On Sunday September 26, Becca Droz, a 31-year-old rock-climbing coach and instructor in Boulder, Colorado, and Kate Kelleghan, a 28-year-old visual designer also based out of Boulder, set the women’s speed record on the Naked Edge (5.11b) in Eldorado Canyon, Colorado, climbing it in a lightning-fast time of 37 minutes 40 seconds. The route, which is approached via a ~200-foot 5.8 “scramble” up the lower pitches of Anthill Direct, is generally done in five pitches at 5.11a (finger crack), 5.10b (arête pitch), 5.8+ (moderate cracks and ramps), 5.11b (bomb-bay chimney to layback crux to exit hand crack), and 5.6 (exit slabs), comprising 460 vertical feet of climbing. The speed record is measured “bridge-to-bridge,” meaning the clock starts at the bridge leading toward Redgarden Wall over South Boulder Creek, and then ends when you tag the bridge again after descending the East Slabs.

The pair have been whittling their time down this past summer, moving increasingly quickly as they made their twenty-ninth and forty-fourth ascents of the route, respectively.

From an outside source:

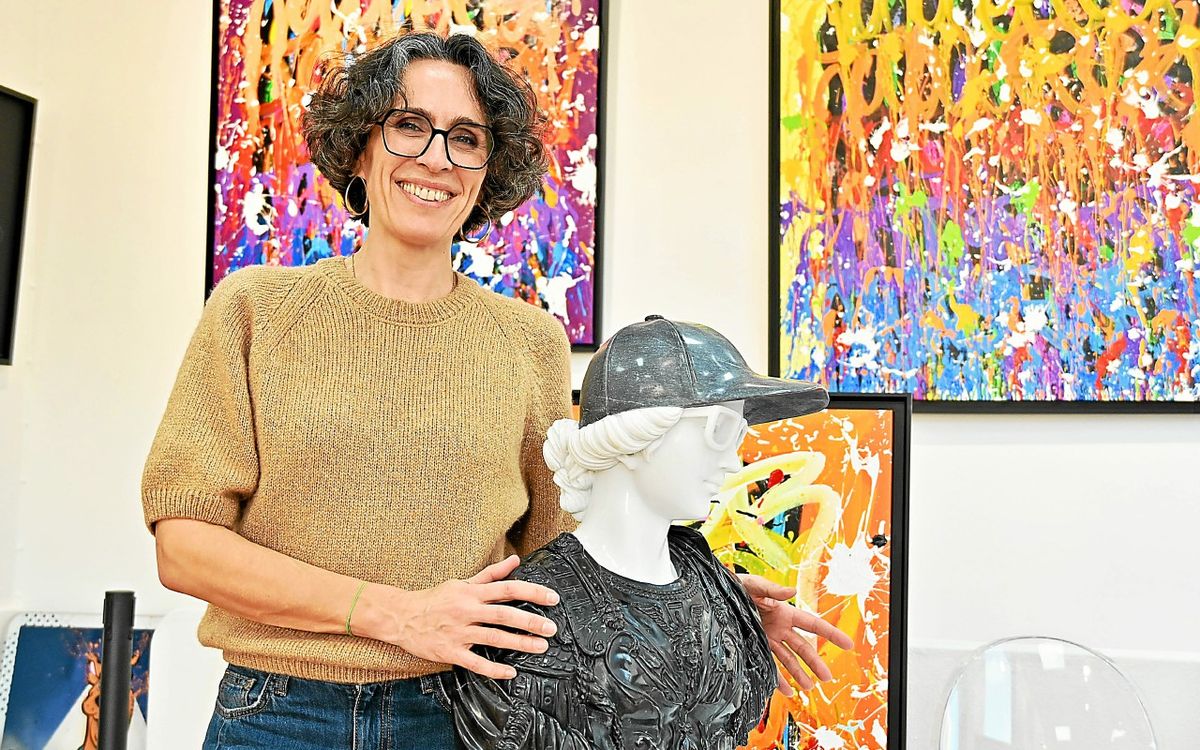 « Il y a une clientèle à Brest pour les galeries d’art » qui se multiplient au centre-ville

Layton Kor and Rick Horn made the route’s first integral ascent in 1964 by aid and free climbing the technical cracks, chimneys, and faces of the prominent sandstone arête. Seven years later, Jim Erickson and Duncan Ferguson made the first free ascent of the iconic Colorado climb. In 2012, the Colorado climbers Stefan Griebel and Jason Wells broke an hour with a bridge-to-bridge ascent of 49 minutes. The speedy climbers began a competition with Brad Gobright and Scott Bennett, sharing tactics on how to climb faster. With the friendly rivalry, Griebel and Wells dropped their time to 29 minutes and 29 seconds. Then, in May 2020, John Ebers and Ben Wilbur set the current speed record of 24 minutes 14 seconds.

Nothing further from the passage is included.